TASK DETAILS: Every entry must be given again exactly.

»»

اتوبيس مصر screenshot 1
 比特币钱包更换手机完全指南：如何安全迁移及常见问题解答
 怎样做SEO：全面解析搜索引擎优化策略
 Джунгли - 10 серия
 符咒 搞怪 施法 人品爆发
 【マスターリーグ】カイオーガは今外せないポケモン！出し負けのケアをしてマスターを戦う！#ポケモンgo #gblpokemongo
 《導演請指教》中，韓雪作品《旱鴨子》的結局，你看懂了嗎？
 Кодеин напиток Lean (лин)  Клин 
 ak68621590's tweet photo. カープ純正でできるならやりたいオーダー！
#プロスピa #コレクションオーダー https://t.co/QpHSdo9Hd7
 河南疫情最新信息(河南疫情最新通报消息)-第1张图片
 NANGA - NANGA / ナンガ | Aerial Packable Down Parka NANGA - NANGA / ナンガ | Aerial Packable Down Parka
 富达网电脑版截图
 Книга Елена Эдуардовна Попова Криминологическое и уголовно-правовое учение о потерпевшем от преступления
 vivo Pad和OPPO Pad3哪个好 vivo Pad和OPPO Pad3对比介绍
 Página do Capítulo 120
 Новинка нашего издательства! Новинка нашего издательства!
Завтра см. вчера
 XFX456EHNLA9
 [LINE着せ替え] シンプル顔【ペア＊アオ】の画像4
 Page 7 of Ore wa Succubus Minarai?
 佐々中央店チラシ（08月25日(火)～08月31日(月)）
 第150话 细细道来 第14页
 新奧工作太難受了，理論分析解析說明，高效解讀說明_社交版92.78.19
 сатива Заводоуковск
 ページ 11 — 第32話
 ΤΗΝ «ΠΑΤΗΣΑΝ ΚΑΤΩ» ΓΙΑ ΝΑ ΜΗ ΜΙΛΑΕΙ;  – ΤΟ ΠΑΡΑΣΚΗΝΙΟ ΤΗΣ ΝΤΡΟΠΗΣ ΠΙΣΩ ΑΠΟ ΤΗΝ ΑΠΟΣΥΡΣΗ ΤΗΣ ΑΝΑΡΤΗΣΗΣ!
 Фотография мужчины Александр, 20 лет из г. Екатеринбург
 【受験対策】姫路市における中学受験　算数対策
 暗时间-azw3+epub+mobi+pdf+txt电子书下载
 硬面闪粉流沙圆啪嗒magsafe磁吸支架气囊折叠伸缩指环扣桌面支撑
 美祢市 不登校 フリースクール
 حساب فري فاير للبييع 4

««

RESULT FOR THIS TASK:
اتوبيس مصر screenshot 1
 比特币钱包更换手机完全指南：如何安全迁移及常见问题解答
 怎样做SEO：全面解析搜索引擎优化策略
 Джунгли - 10 серия
 符咒 搞怪 施法 人品爆发
 【マスターリーグ】カイオーガは今外せないポケモン！出し負けのケアをしてマスターを戦う！#ポケモンgo #gblpokemongo
 《導演請指教》中，韓雪作品《旱鴨子》的結局，你看懂了嗎？
 Кодеин напиток Lean (лин)  Клин 
 ak68621590's tweet photo. カープ純正でできるならやりたいオーダー！
#プロスピa #コレクションオーダー https://t.co/QpHSdo9Hd7
 河南疫情最新信息(河南疫情最新通报消息)-第1张图片
 NANGA - NANGA / ナンガ | Aerial Packable Down Parka NANGA - NANGA / ナンガ | Aerial Packable Down Parka
 富达网电脑版截图
 Книга Елена Эдуардовна Попова Криминологическое и уголовно-правовое учение о потерпевшем от преступления
 vivo Pad和OPPO Pad3哪个好 vivo Pad和OPPO Pad3对比介绍
 Página do Capítulo 120
 Новинка нашего издательства! Новинка нашего издательства!
Завтра см. вчера
 XFX456EHNLA9
 [LINE着せ替え] シンプル顔【ペア＊アオ】の画像4
 Page 7 of Ore wa Succubus Minarai?
 佐々中央店チラシ（08月25日(火)～08月31日(月)）
 第150话 细细道来 第14页
 新奧工作太難受了，理論分析解析說明，高效解讀說明_社交版92.78.19
 сатива Заводоуковск
 ページ 11 — 第32話
 ΤΗΝ «ΠΑΤΗΣΑΝ ΚΑΤΩ» ΓΙΑ ΝΑ ΜΗ ΜΙΛΑΕΙ;  – ΤΟ ΠΑΡΑΣΚΗΝΙΟ ΤΗΣ ΝΤΡΟΠΗΣ ΠΙΣΩ ΑΠΟ ΤΗΝ ΑΠΟΣΥΡΣΗ ΤΗΣ ΑΝΑΡΤΗΣΗΣ!
 Фотография мужчины Александр, 20 лет из г. Екатеринбург
 【受験対策】姫路市における中学受験　算数対策
 暗时间-azw3+epub+mobi+pdf+txt电子书下载
 硬面闪粉流沙圆啪嗒magsafe磁吸支架气囊折叠伸缩指环扣桌面支撑
 美祢市 不登校 フリースクール
 حساب فري فاير للبييع 4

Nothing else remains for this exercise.